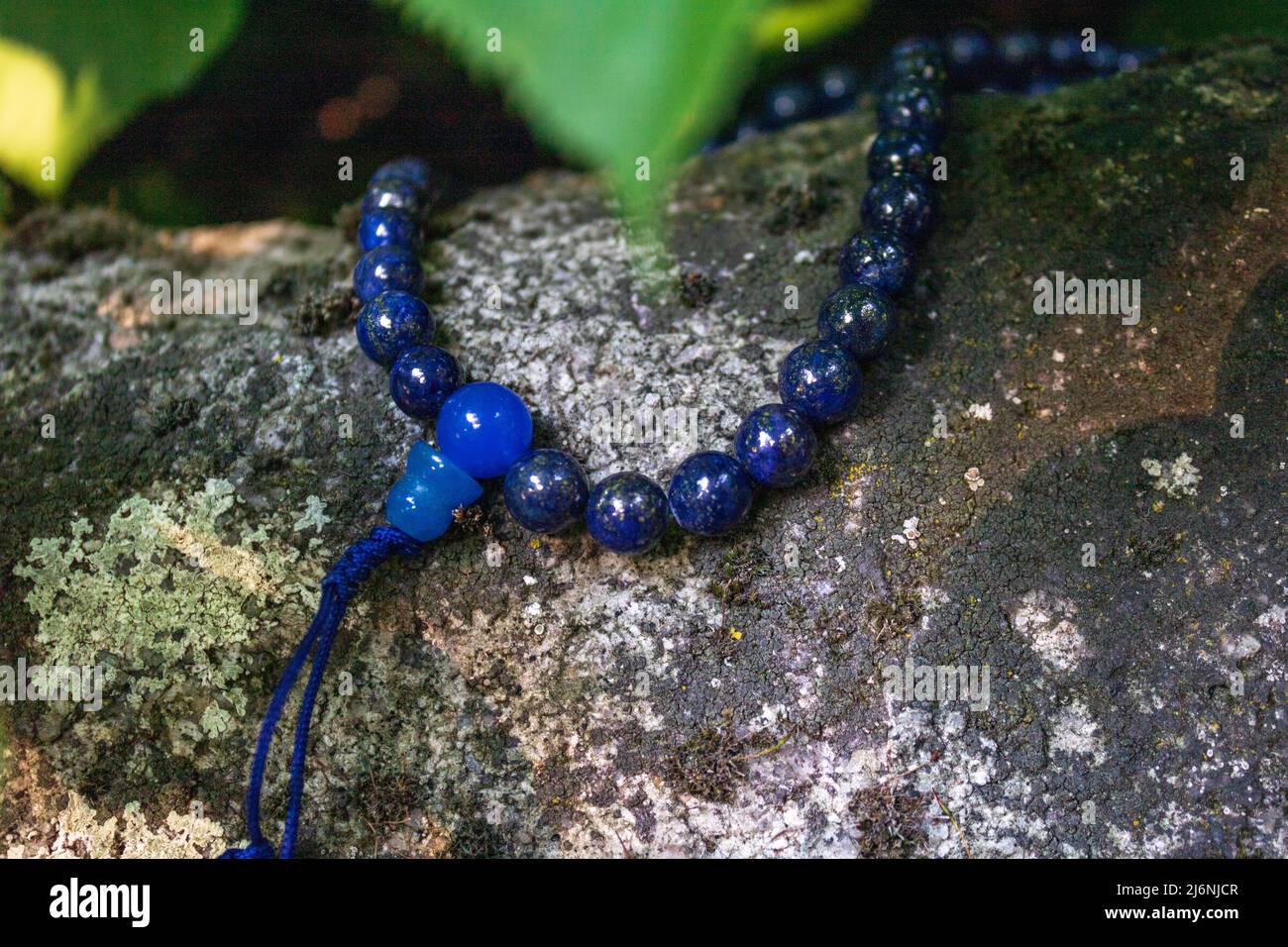 Primo piano di perle blu di mala su pietra. Perle di preghiera buddista per la meditazione japa Foto Stock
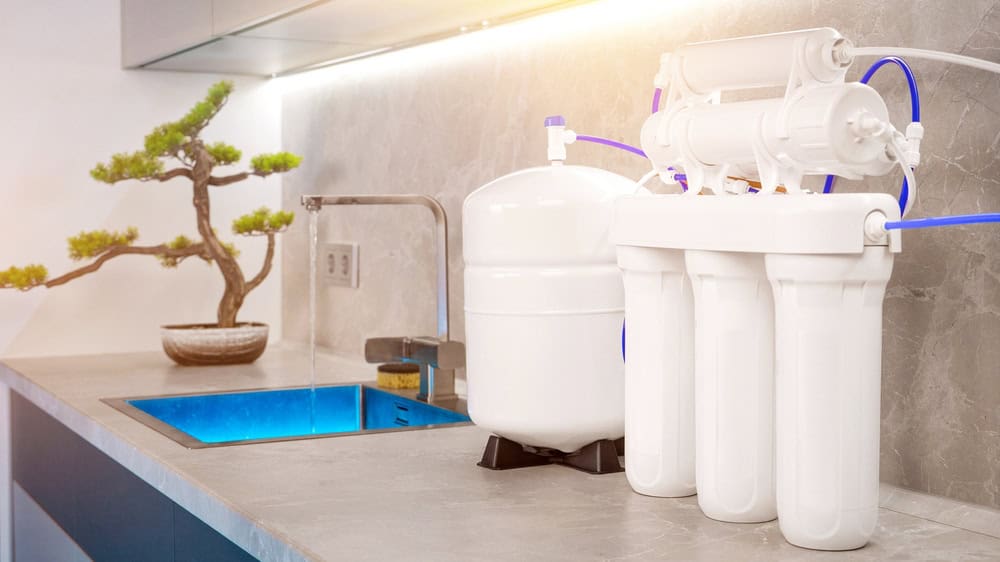 A modern kitchen countertop with a reverse osmosis water filtration system installed beside a sink. The setup includes multiple white filter cartridges and a storage tank. For an added touch, the countertop features a small potted bonsai tree. For professional installation, contact Plumber IL.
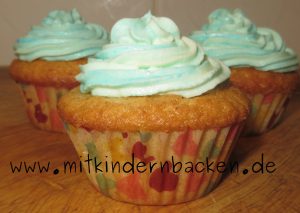 Cupcakes mit blauem Topping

## The problem
Transcribe, please, the lines from the one holding "A modern kitchen" to the final line of the material, both included, exactly and with no extra lines, and skip the pictures.

## The completed task
 A modern kitchen countertop with a reverse osmosis water filtration system installed beside a sink. The setup includes multiple white filter cartridges and a storage tank. For an added touch, the countertop features a small potted bonsai tree. For professional installation, contact Plumber IL.
 Cupcakes mit blauem Topping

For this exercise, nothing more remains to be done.